To retrieve load status, simply do this:

from airtunnel import PandasDataAsset
from airtunnel.metadata.adapter import SQLMetaAdapter

student = PandasDataAsset("student")
adapter = SQLMetaAdapter()
load_status = adapter.read_load_status(student)
print(load_status)

student was loaded at 2019-09-28 18:43:29.306133, from DAG university (2019-09-28 16:38:26.880186) and task student_staging_to_ready

To retrieve ingested files metadata, simply do this:

print(
    adapter.read_inspected_files(
        for_asset=student,
        dag_id=load_status.dag_id,
        dag_exec_date=load_status.dag_exec_date,
    )
)

student has source file: student.csv, of size: 181, created at: 2019-09-28 18:38:39, collected from: DAG: university (2019-09-28 16:38:26.880186) and task id student_ingest

Note, that we pass in the latest execution date that we just pulled from the asset’s load status!
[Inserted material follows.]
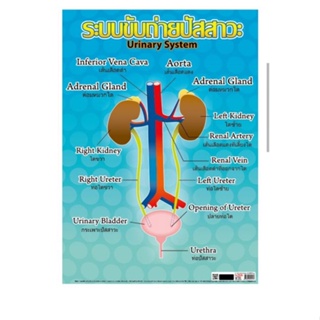 ระบบขับถ่ายปัสสาวะ EQ 517  โปสเตอร์สื่อการสอนหุ้มพลาสติกอย่างดีขนาด 50 * 70 cm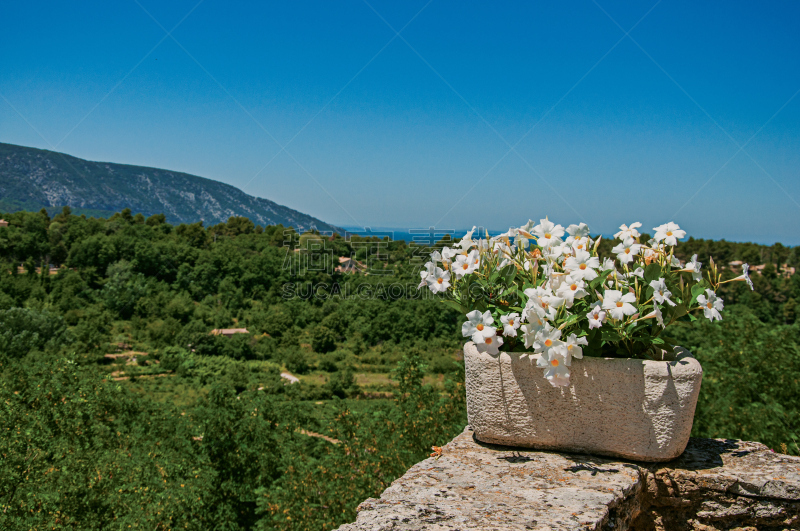 View of white flowers in a vase over the Provence hills, in Ménerbes.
To retrieve the lineage, simply do this:

enrollment_summary = PandasDataAsset("enrollment_summary")
print(adapter.read_lineage(for_target=enrollment_summary))

[(student,programme,enrollment) –> enrollment_summary (DAG: university [2019-09-28 16:38:26.880186], task: enrollment_summary_transform), 0)]

This gets all recursive known ancestors for enrollment_summary, grouped by DAG/task. The ‘0’ from this tuple indicates, that this lineage link is at the very first and only level.

Access to the individual metadata fields is possible through instance properties; not shown for brevity.